Excerpts from a dataset:
━━━━━━

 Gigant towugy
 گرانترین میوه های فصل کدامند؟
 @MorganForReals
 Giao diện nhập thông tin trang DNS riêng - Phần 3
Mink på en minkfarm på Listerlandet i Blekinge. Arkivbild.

━━━━━━

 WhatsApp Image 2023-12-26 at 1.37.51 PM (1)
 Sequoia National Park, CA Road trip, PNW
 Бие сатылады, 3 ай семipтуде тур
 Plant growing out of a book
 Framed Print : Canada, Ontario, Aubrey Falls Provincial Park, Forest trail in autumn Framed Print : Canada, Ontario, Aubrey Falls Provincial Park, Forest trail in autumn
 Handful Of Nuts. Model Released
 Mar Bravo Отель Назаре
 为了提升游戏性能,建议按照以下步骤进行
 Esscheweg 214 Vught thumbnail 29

━━━━━━

TASK GOAL
The reply should consist solely of the lines above from the one that has "Gigant towugy" through the one that has "Mink på en minkfarm", reproduced exactly.

TASK ANSWER
 Gigant towugy
 گرانترین میوه های فصل کدامند؟
 @MorganForReals
 Giao diện nhập thông tin trang DNS riêng - Phần 3
Mink på en minkfarm på Listerlandet i Blekinge. Arkivbild.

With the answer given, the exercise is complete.